Yesterday, concerns about Government borrowing were raised by the size of yesterday’s rescue package. This was partially responsible for the recent slide in Sterling.
Talks were held with financial leaders as Mr Kwarteng tried to convince markets that the government is ‘fiscally accountable’.
He said that he will borrow millions of dollars to pay down his taxes and help energy bills. He said that ministers are committed to helping the UK grow faster than its debts.
He said, “The Prime Minister of the United Kingdom and I have made a commitment to take decisive actions to support British people right now while continuing to pursue an unashamedly positive growth agenda.”
We must act decisively and be different.
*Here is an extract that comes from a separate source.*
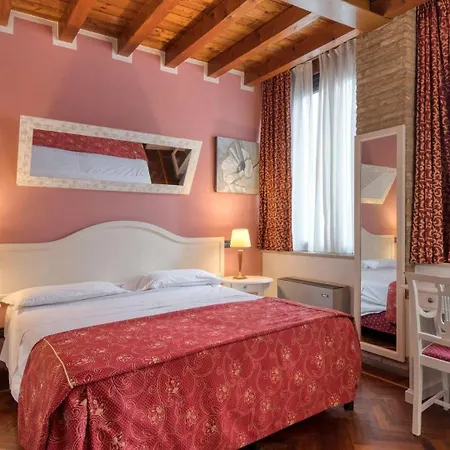 Primotel Hotel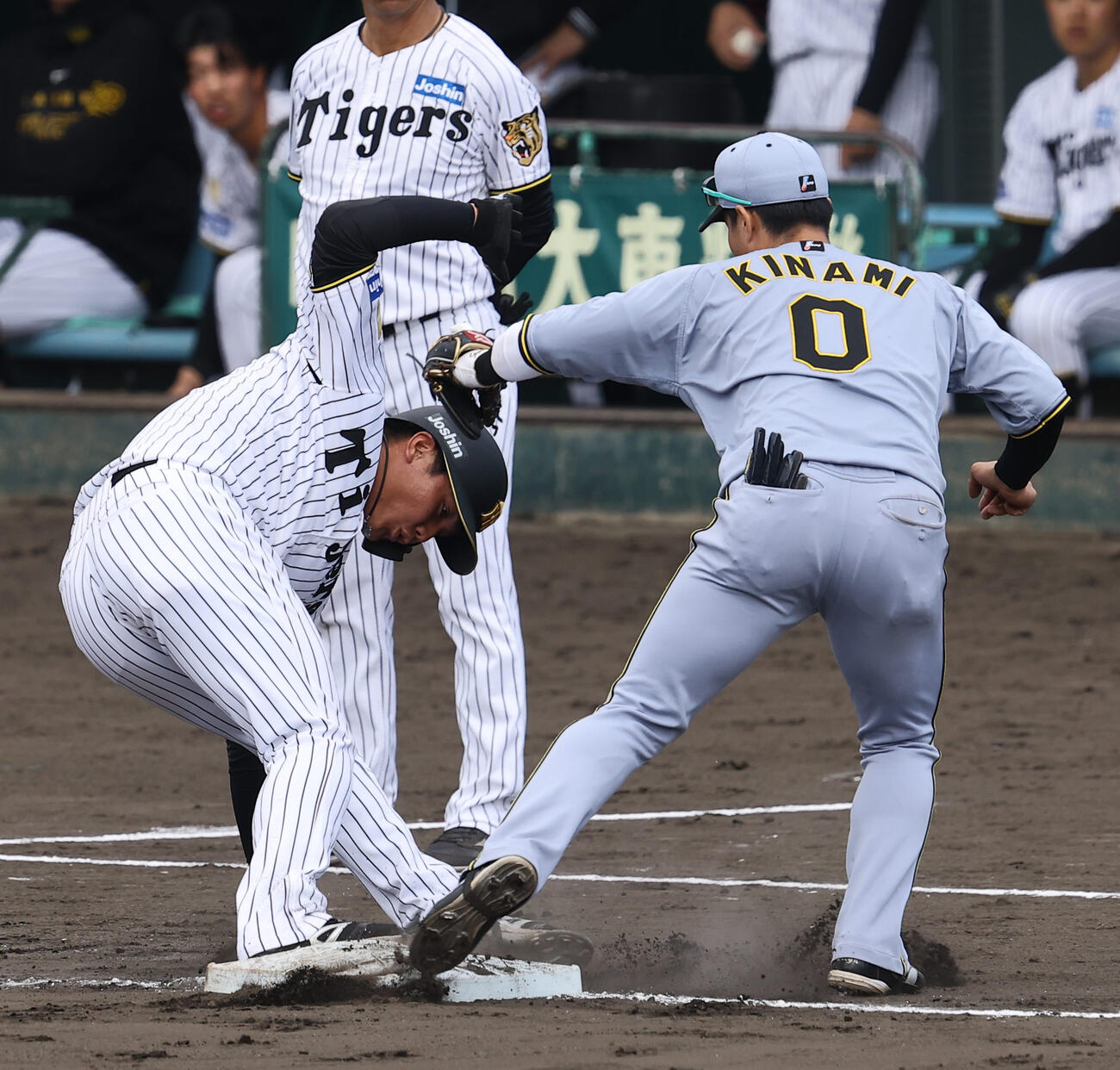 紅組対白組　4回裏白組2死三塁、梅野のけん制で憤死する三走西純（撮影・上田博志）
It means that we must be relentlessly focused on how we unlock British business investment and grow our economy rather than on redistributing what is left.
The question of how much fracking might boost supplies is a matter of contention between ministers.
Many fear that the technology may prove to be more risky in the UK’s densely populated areas. This technique is widely used in the USA, which has large open spaces.
Kwarteng, the Business Secretary, was skeptical of its impact on gas prices.
In March, he wrote in The Mail on Sunday: ‘Even if we lifted the fracking moratorium tomorrow, it would take up to a decade to extract sufficient volumes – and it would come at a high cost for communities and our precious countryside.’
Clarke stated today that if we are to achieve energy sufficiency, we must look at all sources, not just new nuclear and more renewables, but also technologies such as fracking.
While he insisted that the Government was committed to net zero emission by 2050, ‘but we will need all types of gas for a transition fuel in the short term. That is something the Prime Minster will be talking more about’.
Jacob Rees Mogg, the new Business Secretary is an enthusiastic advocate for technology. He is currently examining industry needs to reduce planning restrictions.
Plans are being drawn up by Fracking firms to provide discounts up to 25% for those who live near active wells.
Treasury has been informed by the industry that the UK could see its first shale oil heating homes within 12-18 months with government support.